Acculynk repeatedly has stated PaySecure, which is browser-based, is safe, though analysts still question PaySecure’s security.
Last year, Avivah Litan, vice president of Stamford, Conn.-based Gartner Inc., came out against any software or Web-based PIN-entry products. “I would highly recommend [to any consumer] not entering their PIN anywhere on the Internet unless [the system is] hardware based,” she said.
EFT network executives seem to be comfortable with PaySecure, and some networks have been testing the product for more than a year.
Last year, Fiserv Inc.’s Accel/Exchange became the first to roll out the service. The network decided to support PaySecure because the product helps banks recapture transactions lost to alternative-payment companies such as PayPal.
“We like this model because it doesn’t cut out the bank,” says Michael Kelly, Accel/Exchange general manager. “There are a couple of other networks that have aligned with PayPal, but we don’t think that is the right model.”
Pulse piloted PaySecure for almost a year, and the test helped the network validate a couple of assumptions it had about the Acculynk product, says Judith McGuire, Pulse senior vice president of product management. Consumers showed they would use the payment option when given the chance, and they feel comfortable with the process, she says.
In April 2009, Javelin Strategy and Research conducted a survey that found 80% of participants would use PaySecure if a trusted merchant presented it as a checkout option. Javelin surveyed 500 signature-debit cards users who had made online purchases in the previous year. Survey participants used PaySecure for a mock online purchase and then answered questions about their experience using the product.
Adaptive Payments’ own internal research indicated consumers would have no issue entering a PIN through a phone.
One aspect Internet PIN-debit technology has in its favor is that consumers already are familiar with the transaction process, says Dan Kramer, Shazam senior vice president of marketing and merchant services. “Typically, consumers are already comfortable entering their PIN in the phone when they want to check account information,” he says.
In the end, it would be up to Adaptive
Payments, Shazam and others to raise consumers’ comfort levels in entering PINs in an environment outside the traditional brick-and-mortar setting, Kramer says.

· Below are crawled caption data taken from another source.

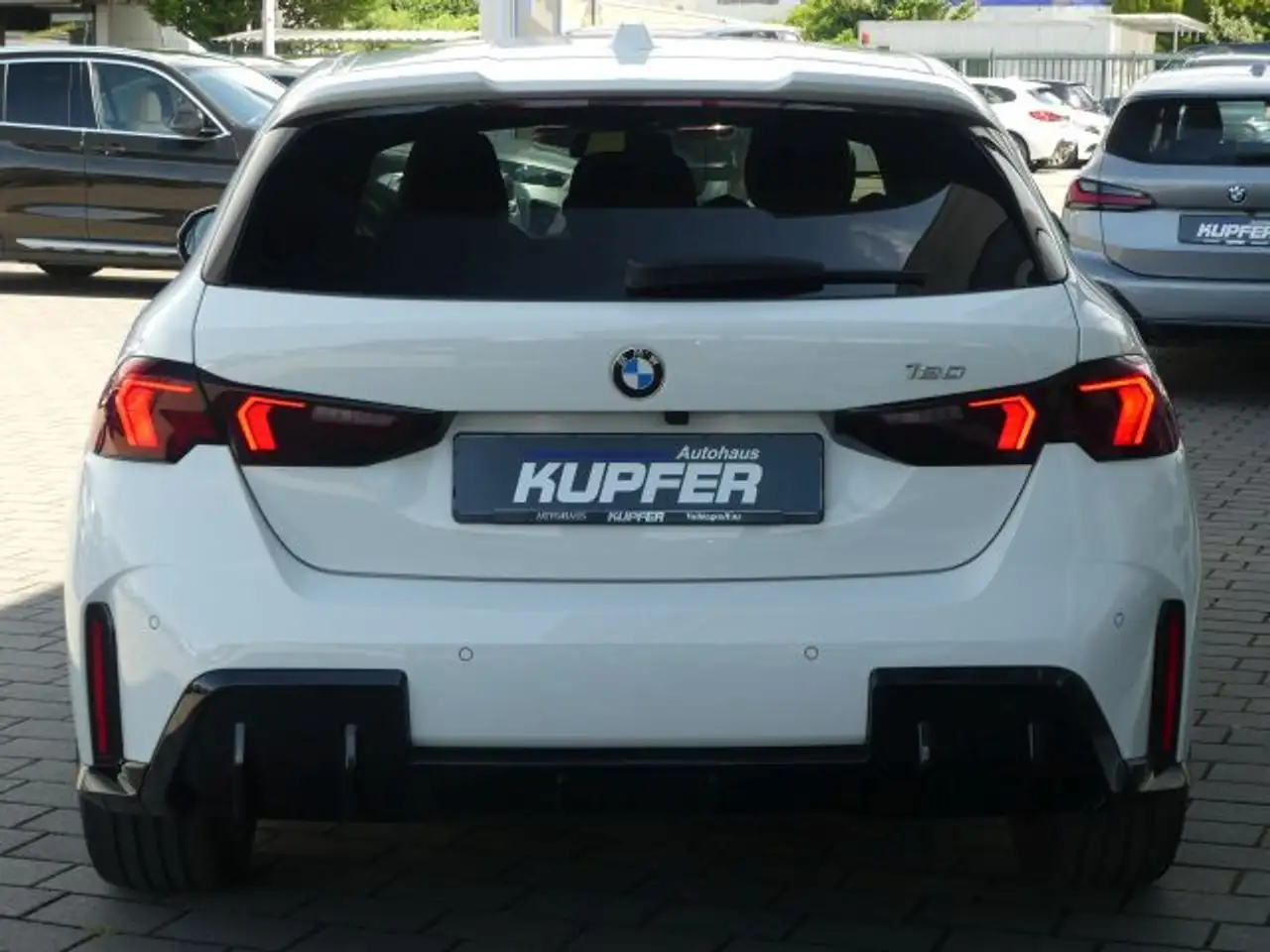 BMW 120 i M Sportpak. PRO Headup°Massage°19Zoll°360° — Vehicle gallery 4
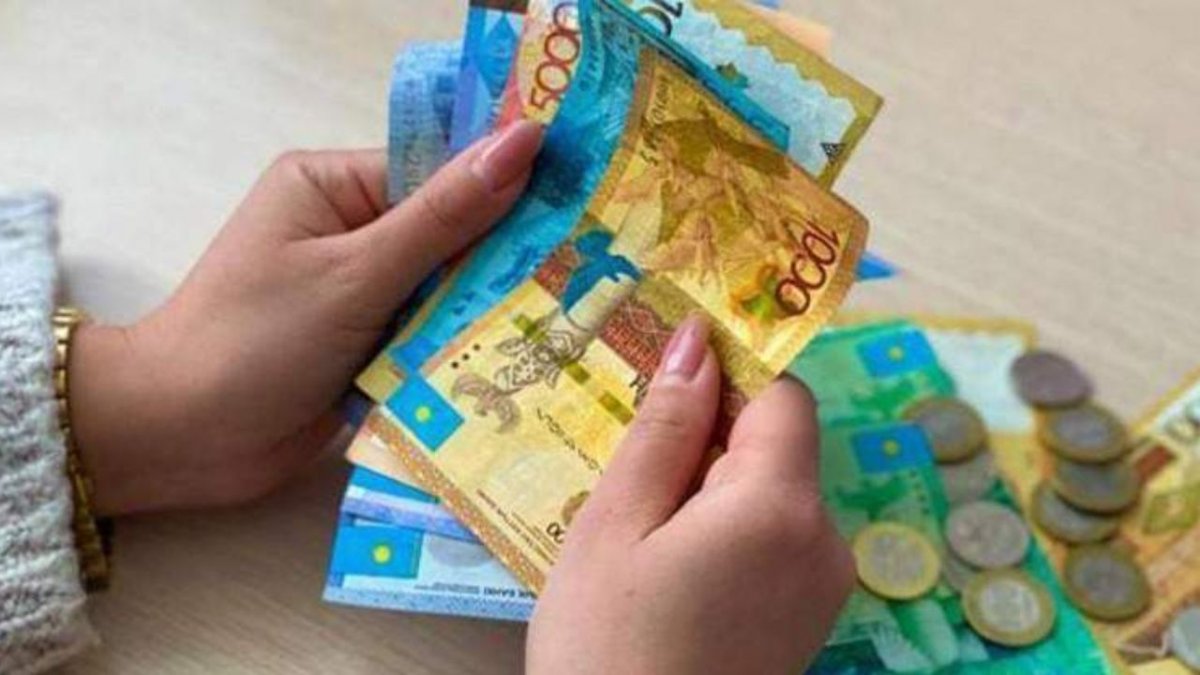 Жительницы Астаны получат выплаты к 8 марта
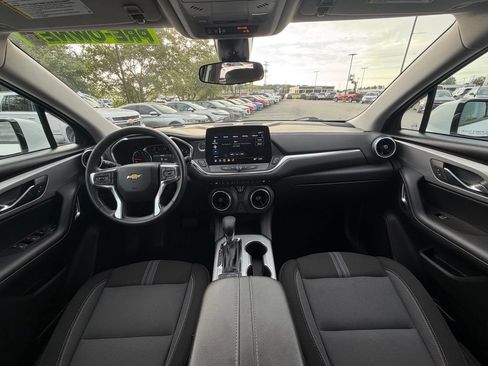 Used 2025 Chevrolet Blazer LT FWD image 30
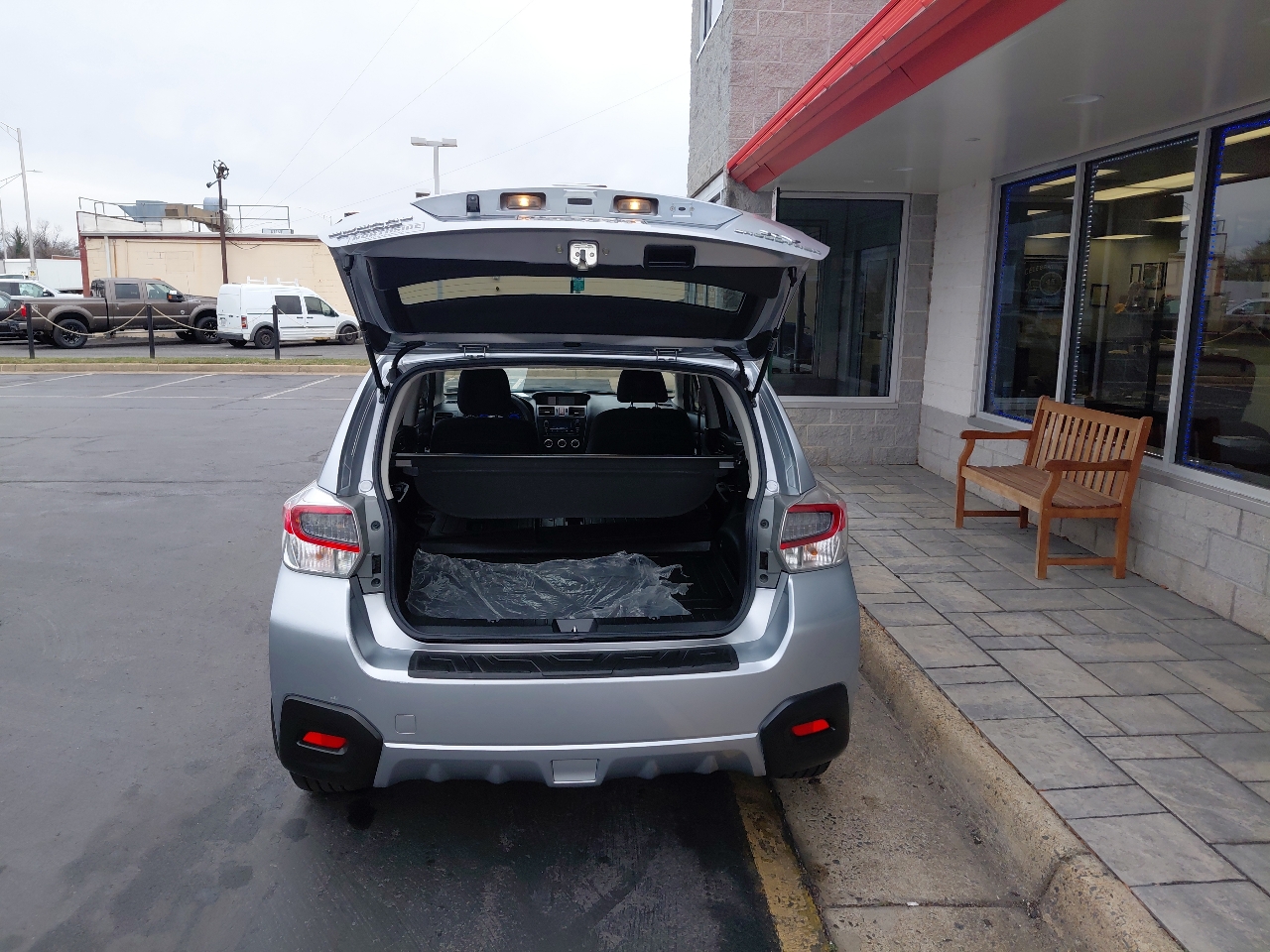 Subaru XV Crosstrek Hybrid 5dr 2.0i 2014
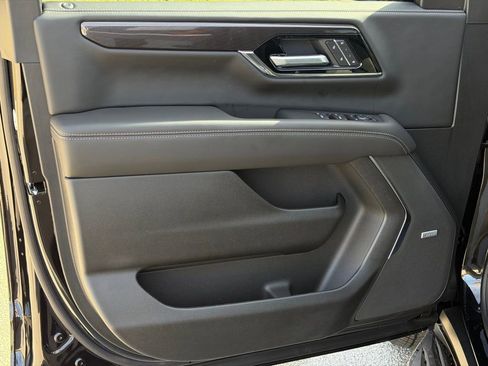 New 2026 GMC Yukon Elevation image 8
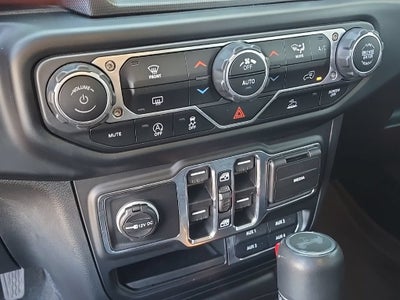 2023 Jeep Wrangler 4-Door Sahara Altitude 4x4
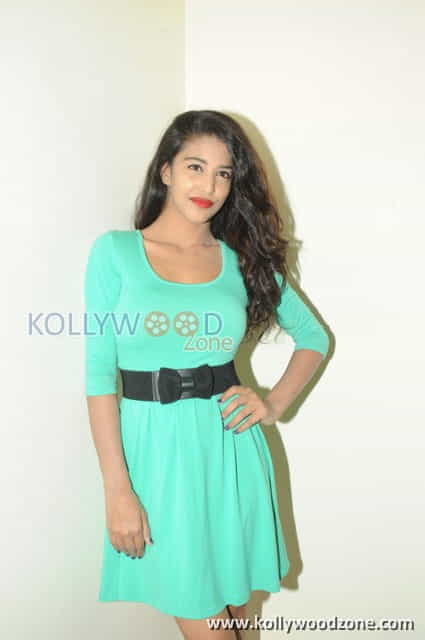 Daksha Nagarkar Pictures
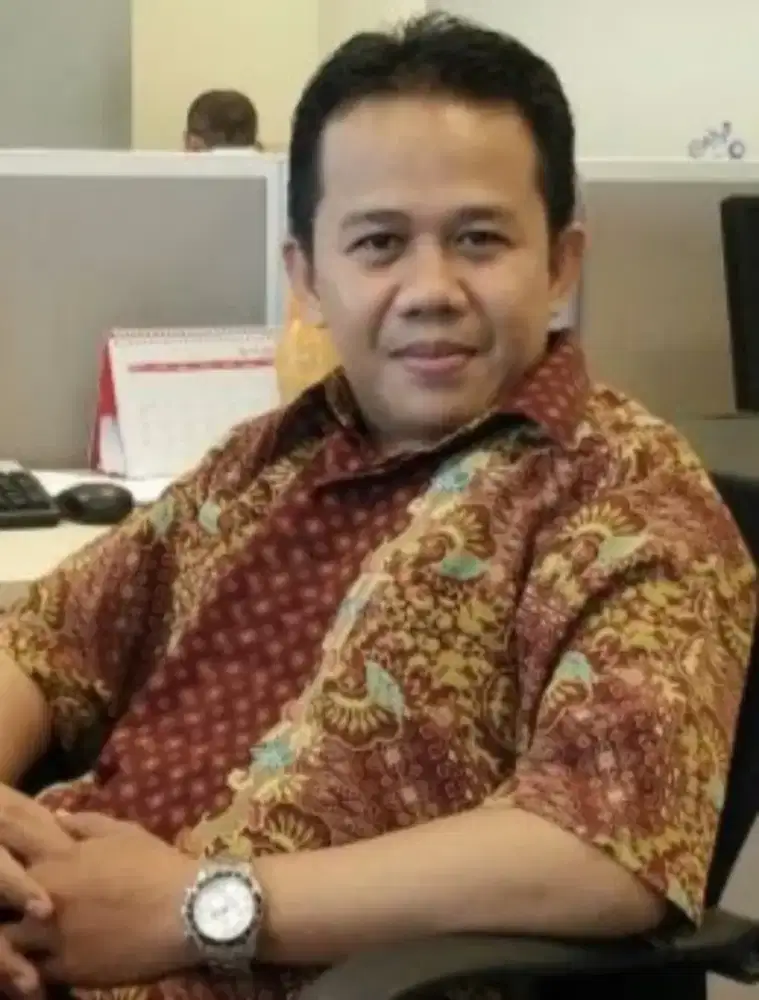 Saya sedang mencari pekerjaan sebagai driver pribadi atau kantor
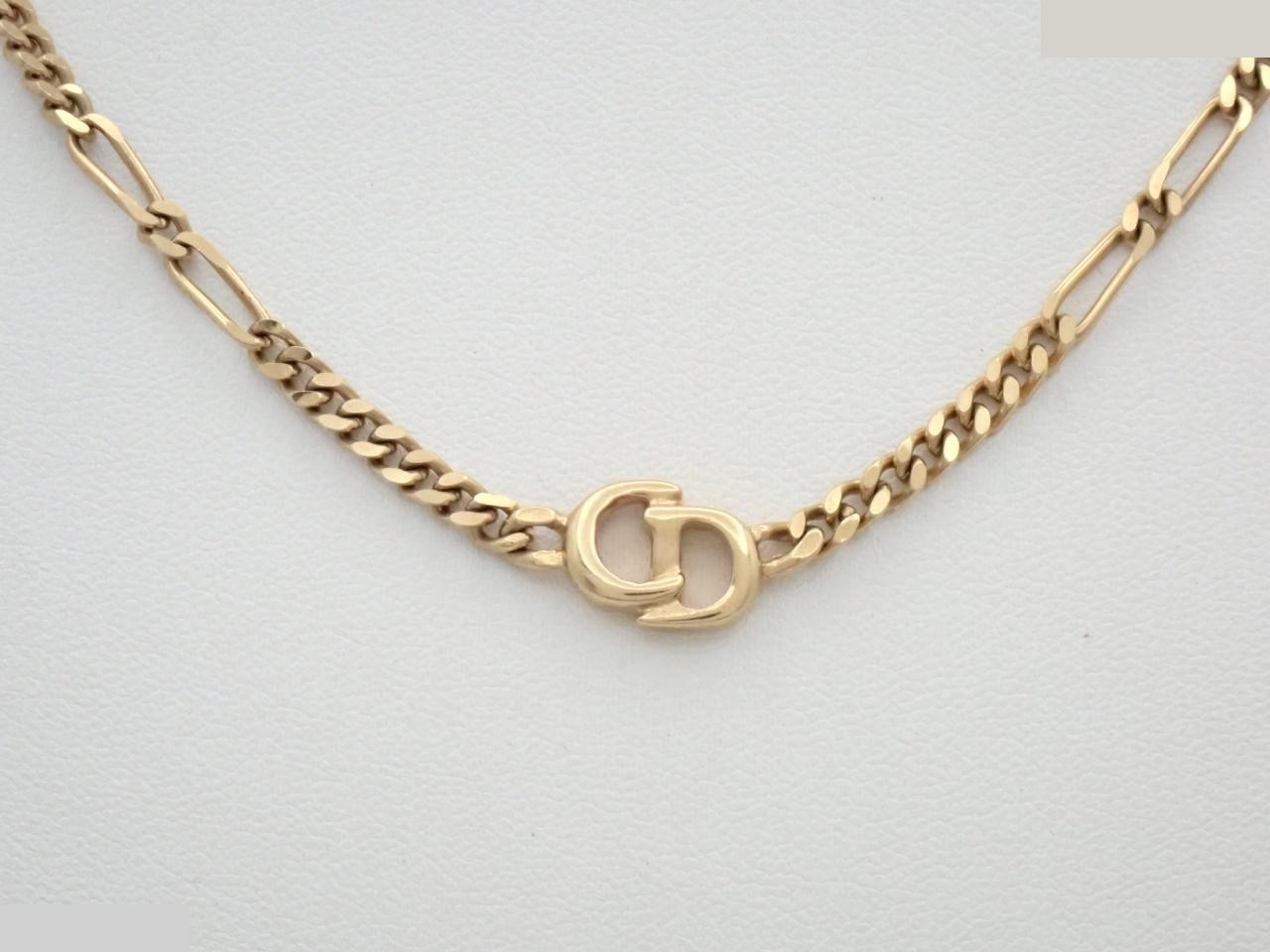 necklace, chain approximately 45cm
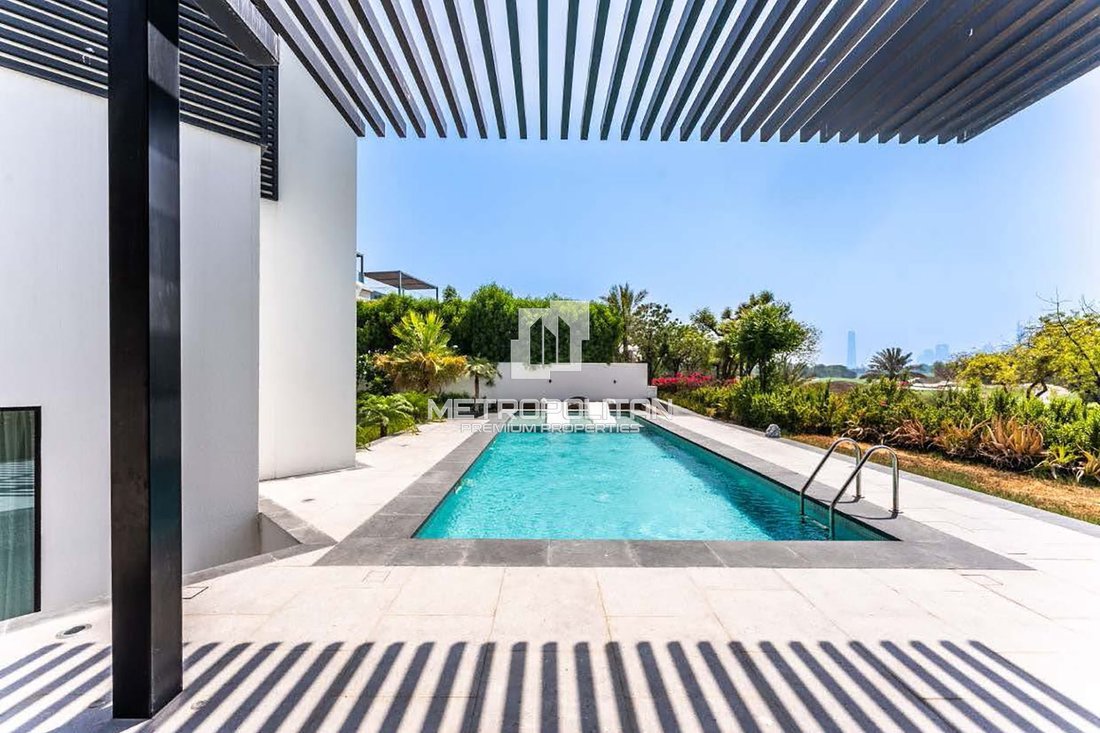 Villa in Emirates Hills, Dubai, United Arab Emirates 4 - 15932480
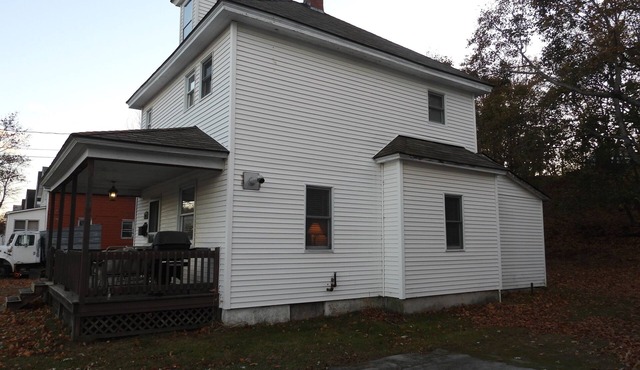 Close to trails! Cozy home base for your snowmobile adventures.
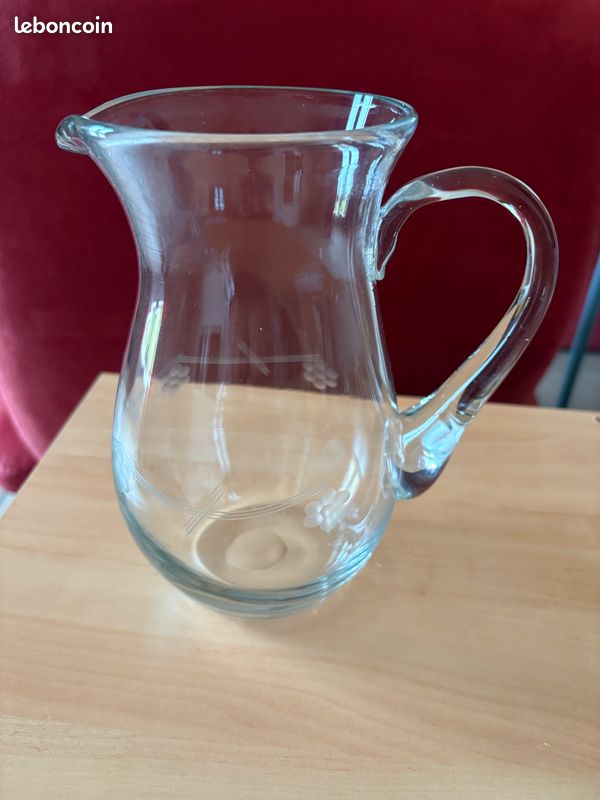 Pichet, cruche en verre (image 1)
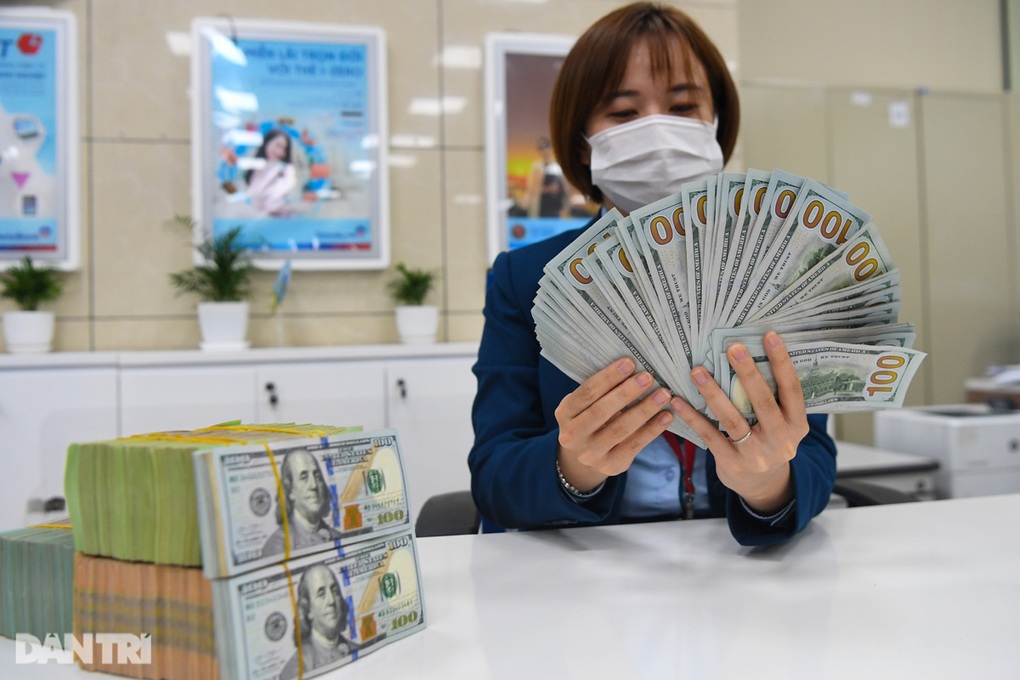Vàng thế giới giảm mạnh sau tin xấu từ kinh tế Mỹ - 2 Vàng thế giới giảm mạnh sau tin xấu từ kinh tế Mỹ - 2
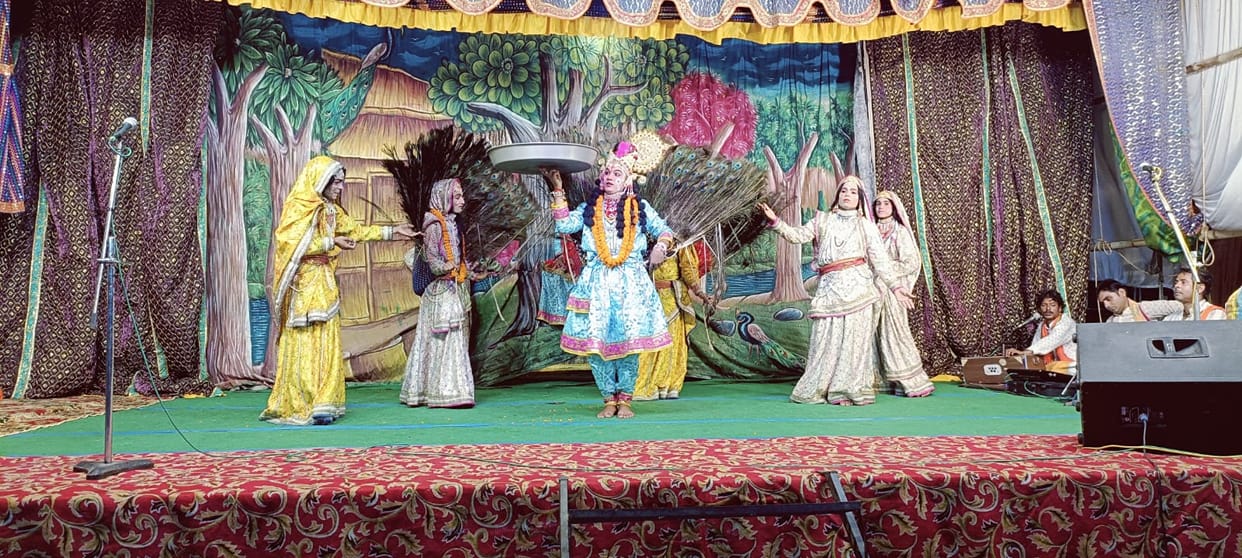 Staging of Meera's character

At this point, observers generally believe determining which Internet PIN-debit product will endure is difficult because the alternative payments space constantly is changing. It should come as no surprise, however, that companies are trying to duplicate what consumers already are familiar doing.
“It makes a lot of sense to try a replicate and build upon what’s worked for some 40 years in the physical PIN-debit world,” says Paul Tomasofsky, president and executive director of the Secure Remote Payment Council. The organization is a trade group devoted to the growth, development and market adoption of Internet-based debit transactions and mobile-payment methods
Some observers believe widespread adoption among merchants could happen if a major player such as a Best Buy Co. Inc. adopts a particular product. At the moment, it does not appear any company is close to announcing such a partnership.
Meantime, Acculynk and Adaptive Payments are moving forward with their respective plans.
Adaptive Payments is speaking with other PIN-debit networks, merchants and financial institutions about E-commerce Checkout. The company expects to announce two more networks soon.
“We’re not asking anyone to choose [between Acculynk and Adaptive],” Bianco says. “We’re just asking for a place at the table.”
Acculynk recently hired Eric M. Hoffman, former senior vice president at Bank of America Corp.’s merchant services, as the company’s executive vice president of national merchant sales. The company is striving to make 60 million debit cards eligible to use the service by the end of the year. As of June, it had between 13.5 million and 20 million, according to CEO Ashish Bahl.
Indeed, technology is bringing consumers different options to shop on the Internet. Internet PIN-debit products represent an opportunity for ISOs and agents to make more revenue thanks to changing consumer payment preferences and choices.